== Segment start ==

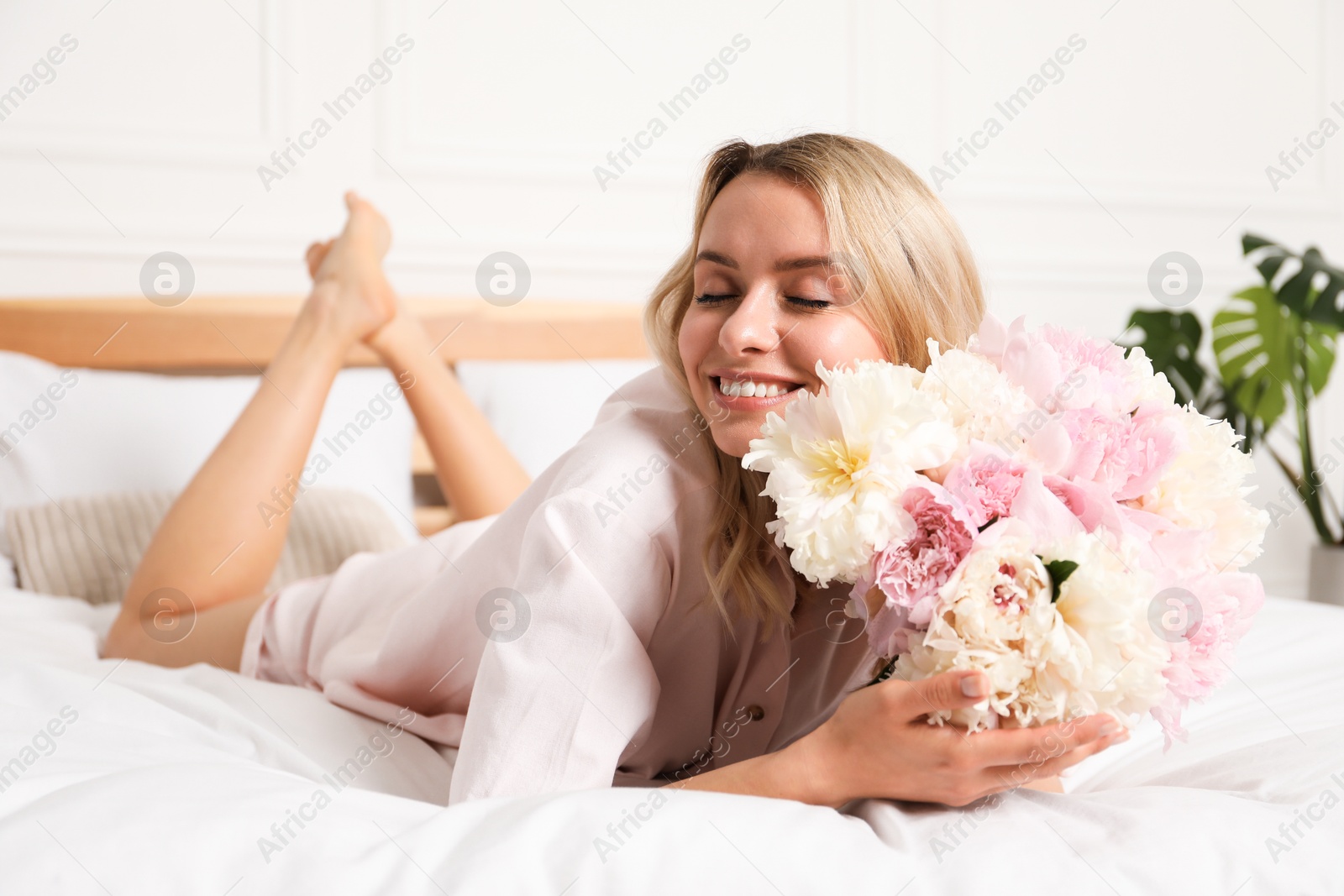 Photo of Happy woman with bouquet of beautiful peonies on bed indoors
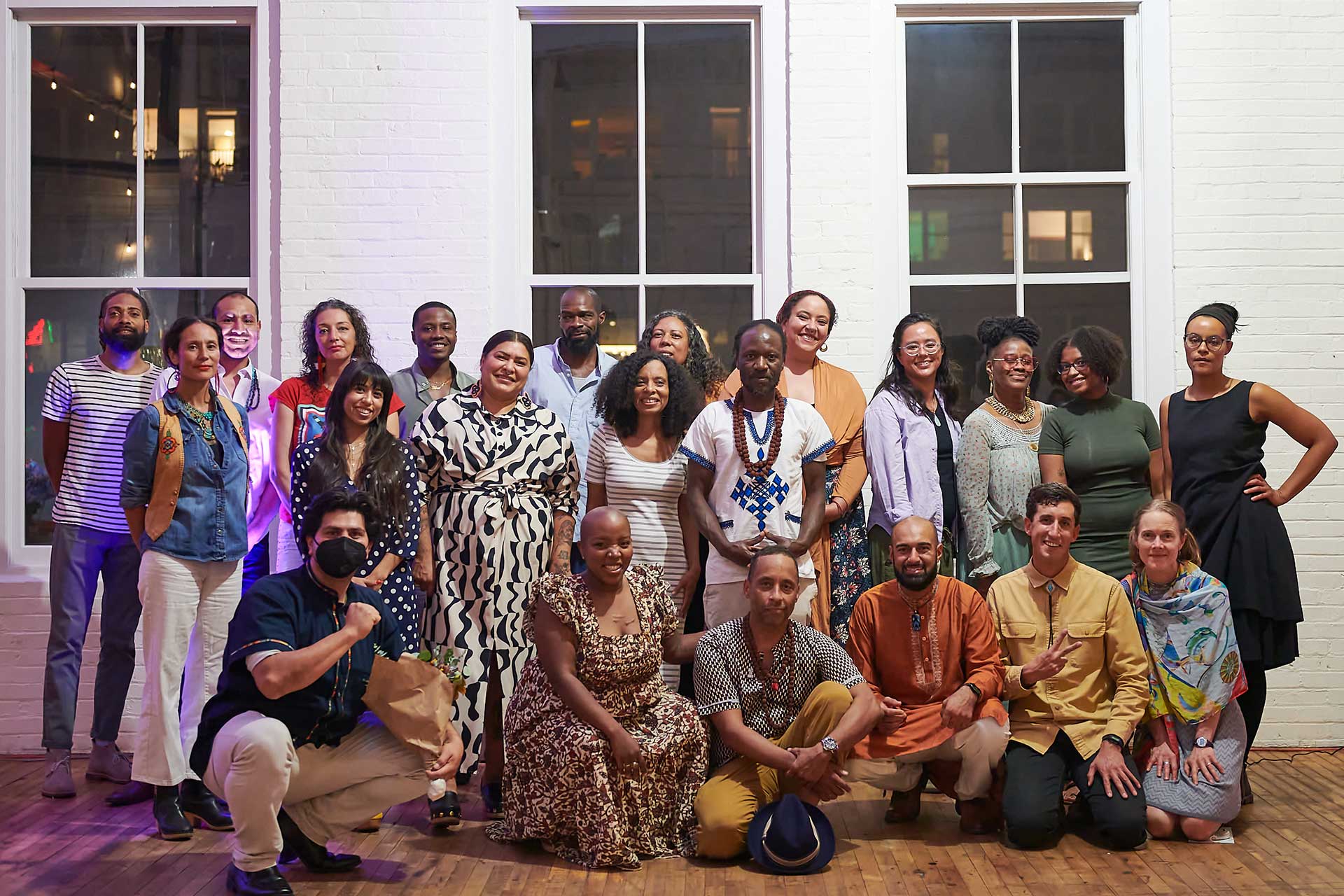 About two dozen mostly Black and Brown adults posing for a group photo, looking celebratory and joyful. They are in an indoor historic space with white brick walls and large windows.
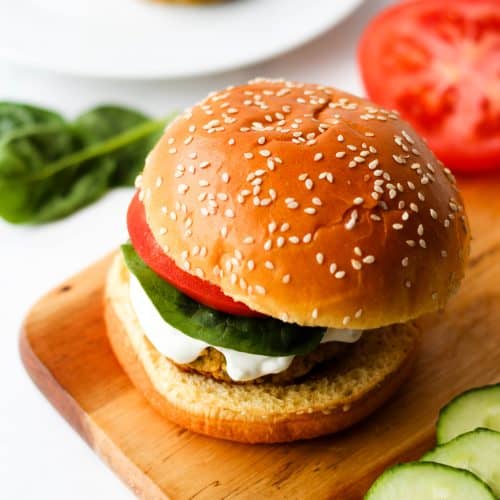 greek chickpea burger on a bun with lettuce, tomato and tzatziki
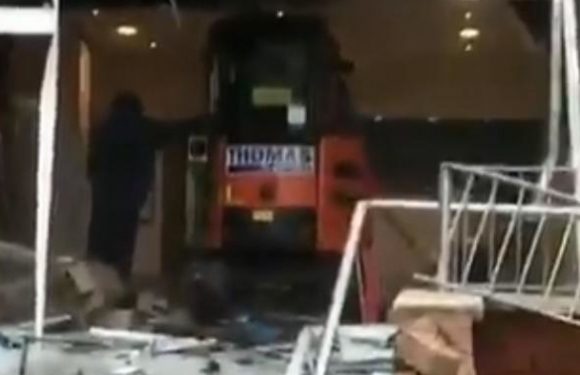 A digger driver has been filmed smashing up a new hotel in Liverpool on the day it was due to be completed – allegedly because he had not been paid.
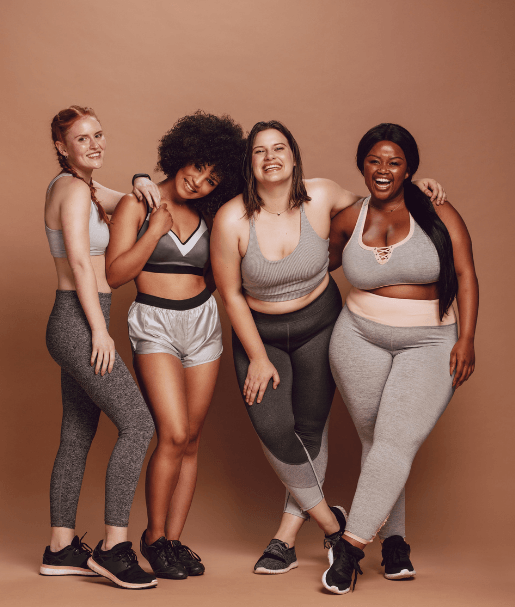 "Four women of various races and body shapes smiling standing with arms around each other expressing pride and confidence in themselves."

== Segment end ==

* _Problem requirements_:
Would you write out all of the data exactly as it stands, without the pictures?

* _Your solution_:
 Photo of Happy woman with bouquet of beautiful peonies on bed indoors
 About two dozen mostly Black and Brown adults posing for a group photo, looking celebratory and joyful. They are in an indoor historic space with white brick walls and large windows.
 greek chickpea burger on a bun with lettuce, tomato and tzatziki
 A digger driver has been filmed smashing up a new hotel in Liverpool on the day it was due to be completed – allegedly because he had not been paid.
 "Four women of various races and body shapes smiling standing with arms around each other expressing pride and confidence in themselves."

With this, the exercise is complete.